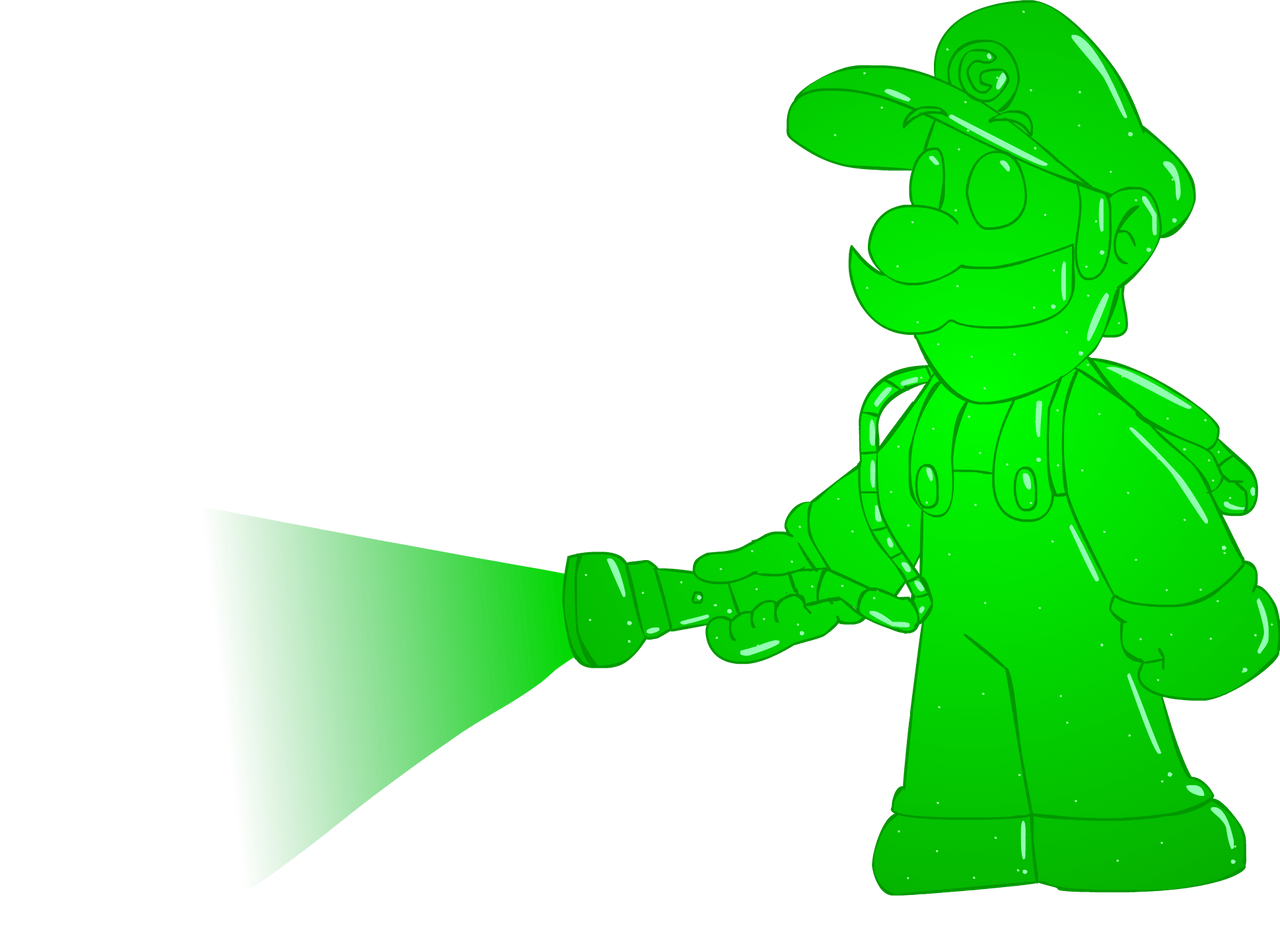 Gooigi Luigi s Mansion 3 by PhantomBalloonBoy64 on DeviantArt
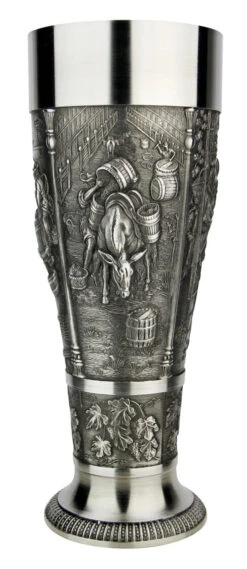 Grape Harvest Pewter Wheat Beer Tulip -Luxury Cup Store Grape Harvest Pewter Wheat Beer Tulip AS60059 3 SM 70165.1611519527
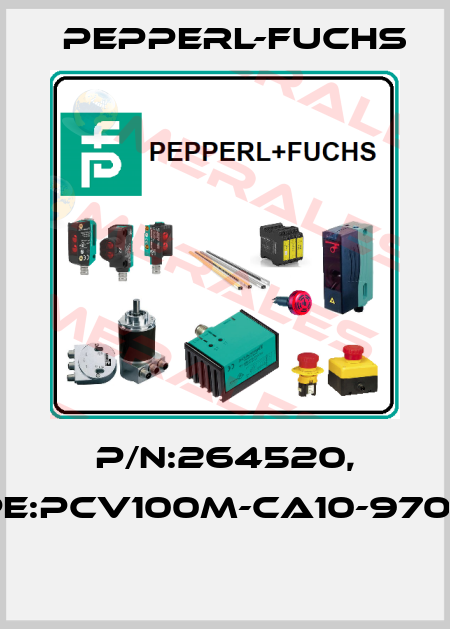 P/N:264520, Type:PCV100M-CA10-970000  Pepperl-Fuchs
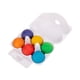 thumbnail image 3 of 6 piezas bolas de arcoíris juguete Montessori habilidades motoras finas, juego de mesa, juguete de bola de madera juguete educativo para contar para n, 3 of 9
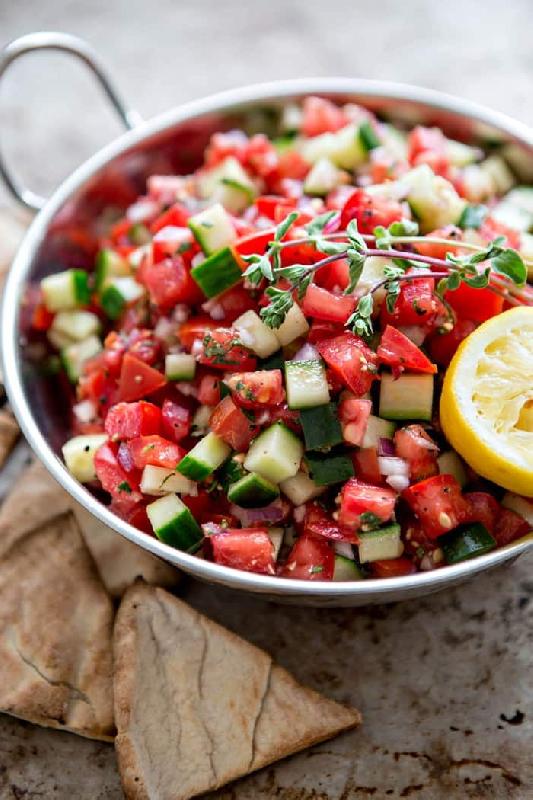 Gürcü sayağı çoban salat 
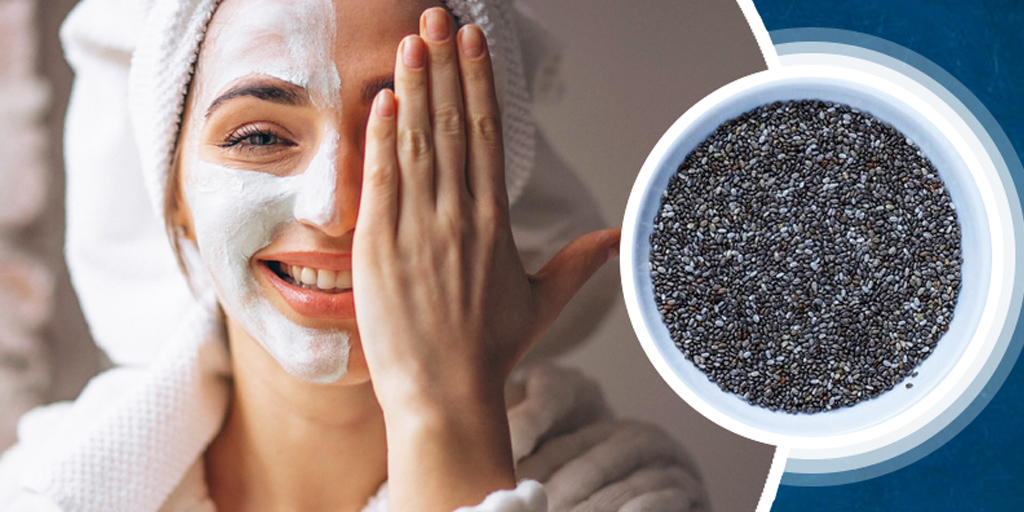 स्किन के लिए चिया सीड्स फेस पैक के फायदे Chai Seeds In Hindi For Skin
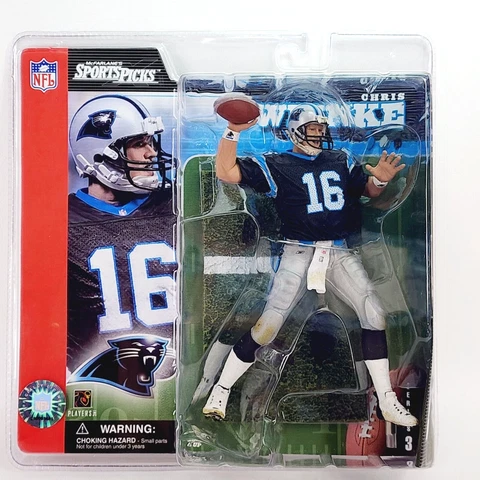 2002 NFL McFarlane #16 Chris Weinke Panthers Series 3 SportsPicks Figure-NEW Cover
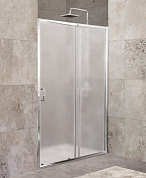 Душевая дверь в нишу BELBAGNO UNIQUE-BF-1-110/125-P-Cr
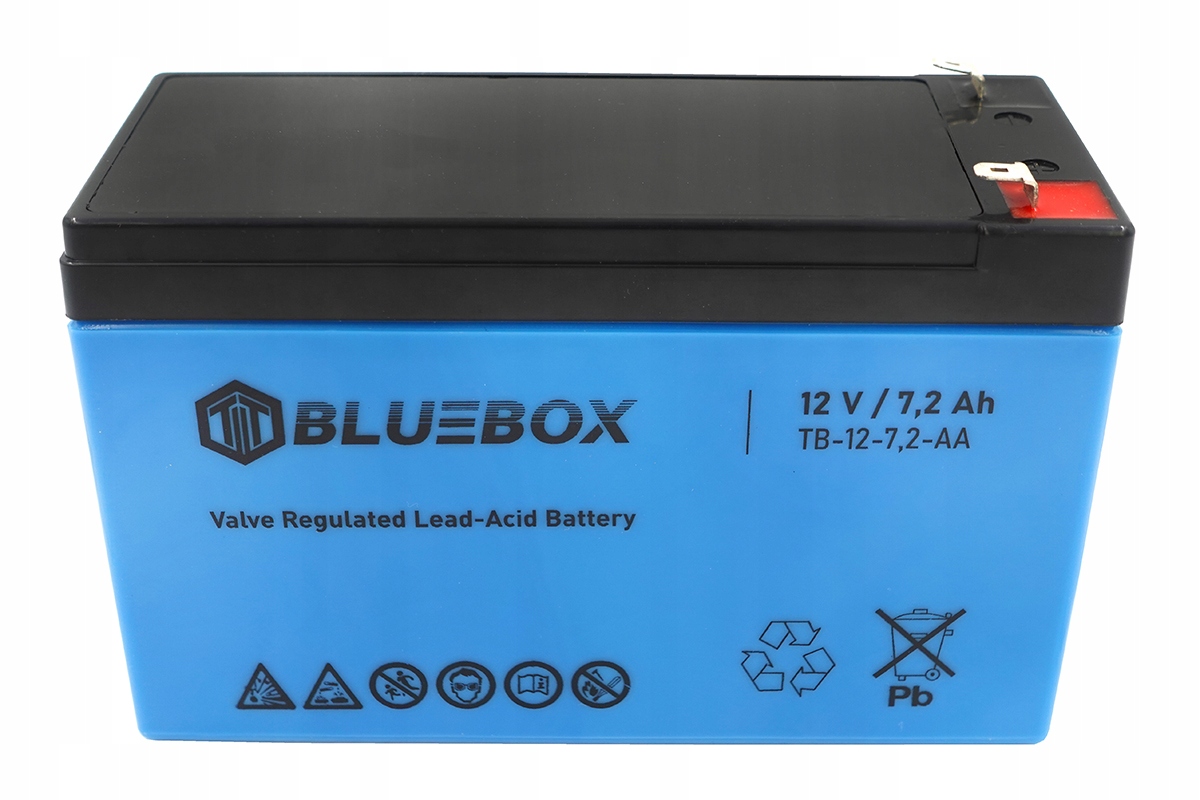 AKUMULATOR bateria ładowalna DO PASTUCH ELEKTRYCZNY elektryzator 12V 7AH Napięcie znamionowe 12 V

- EXERCISE REQUIREMENTS: Each record above should be duplicated word for word, with no pictures included.

- EXPECTED ANSWER:
 Gooigi Luigi s Mansion 3 by PhantomBalloonBoy64 on DeviantArt
 Grape Harvest Pewter Wheat Beer Tulip -Luxury Cup Store Grape Harvest Pewter Wheat Beer Tulip AS60059 3 SM 70165.1611519527
 P/N:264520, Type:PCV100M-CA10-970000  Pepperl-Fuchs
 thumbnail image 3 of 6 piezas bolas de arcoíris juguete Montessori habilidades motoras finas, juego de mesa, juguete de bola de madera juguete educativo para contar para n, 3 of 9
 Gürcü sayağı çoban salat 
 स्किन के लिए चिया सीड्स फेस पैक के फायदे Chai Seeds In Hindi For Skin
 2002 NFL McFarlane #16 Chris Weinke Panthers Series 3 SportsPicks Figure-NEW Cover
 Душевая дверь в нишу BELBAGNO UNIQUE-BF-1-110/125-P-Cr
 AKUMULATOR bateria ładowalna DO PASTUCH ELEKTRYCZNY elektryzator 12V 7AH Napięcie znamionowe 12 V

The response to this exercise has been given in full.